KEMAMPUAN BERPIKIR TINGKAT TINGGI SEBAGAI PRAKTEK KEGIATAN BELAJAR MENGAJAR DI SEKOLAH DASAR

A. Pendahuluan 
Kemampuan literasi yang diperoleh siswa di Indonesia dalam aktivitas formal maupun informal tidak selamanya sepadan dengan kemampuan literasi yang menjadi acuan internasional. Pada tahun 2011 PIRLS mempublikasikan penelitian yang menempatkan siswa Indonesia dalam peringkat keempat terbawah dari 49 negara yang berpartisipasi dalam penelitian mereka. Studi Universitas Negeri Conneticut Pusat Amerika Serikat (CCSU) (Merdeka.com, 2016) juga menunjukkan tingkat melek huruf dan kemampuan membaca siswa Indonesia berada pada peringkat 60 dari 61 negara partisipan. Di dalam tes baca-tulis PIRLS (2011), proses kognitif yang ditekankan dalam pemahaman membaca adalah sebagai berikut.  
1. Information retrieval: Menemukan dan mengambil informasi yang disebutkan secara eksplisit di dalam bacaan.  

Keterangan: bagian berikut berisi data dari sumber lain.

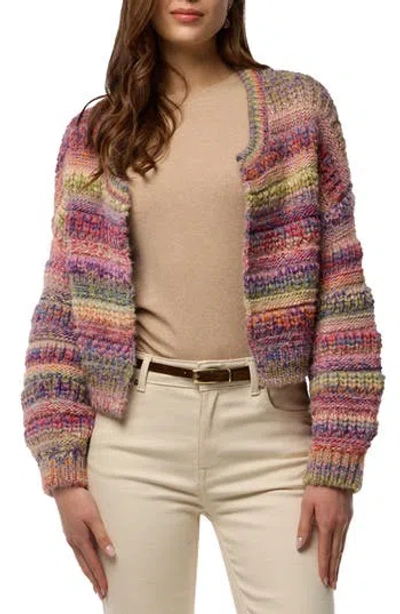 Saachi Rainbow Stripe Crop Cardigan In Multi
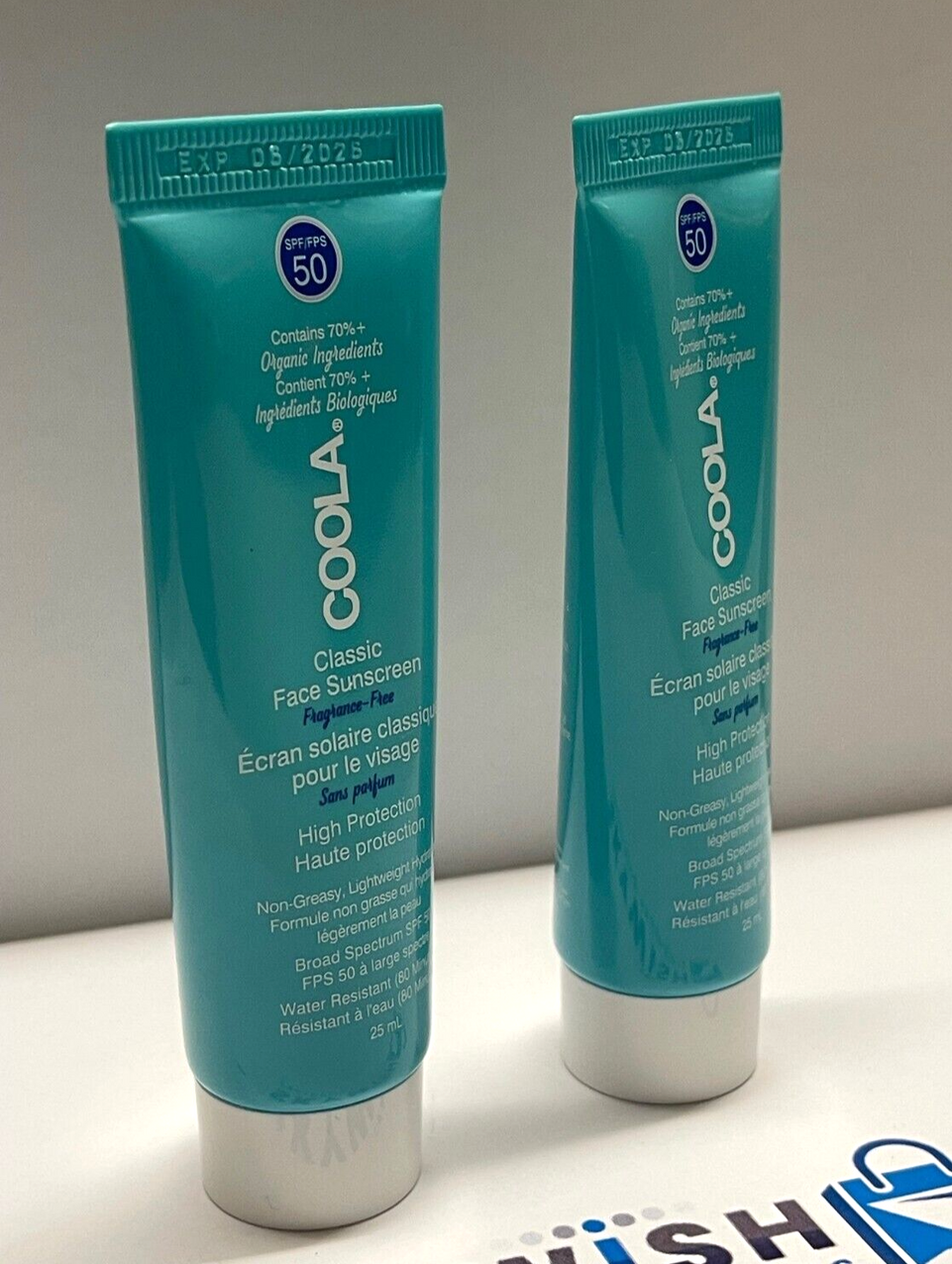2XCoola Classic Face Sunscreen SPF50 25mlX2=50ML Travel Size New/ Exp. 06/2026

2. Inference: Membuat kesimpulan langsung dari bacaan. 
3. Synthesis: Menginterpretasi dan mengintegrasikan gagasan dan informasi di dalam bacaan.  
4.Evaluation: Menilai dan mengevaluasi isi, bahasa, dan elemen-elemen tekstual dalam bacaan. 
Berdasarkan hasil survei PIRLS, hanya 12% dari siswa Indonesia yang mampu menjawab pertanyaan-pertanyaan yang bersifat sintesis dan 7% pertanyaan-pertanyaan yang bersifat evaluatif (Mullis dkk., 2012). Fakta ini tidak mengagetkan ketika kita mengamati kegiatan membaca dalam kurikulum Bahasa di Indonesia. Marissa, dkk (2016) dalam penelitiannya menemukan bahwa 90% buku teks Bahasa Indonesia (Buku Sekolah Elektronik) menekankan pada kecakapan kognitif level bawah seperti information retrieval dan summary. Contohnya, siapa yang bekerja bakti membersihkan taman? Apa makanan harimau di kebun binatang? Di mana alamat rumah sakit tempat korban dirawat? Apa amanat cerita di atas? Bagaimana watak tokoh Siwi?  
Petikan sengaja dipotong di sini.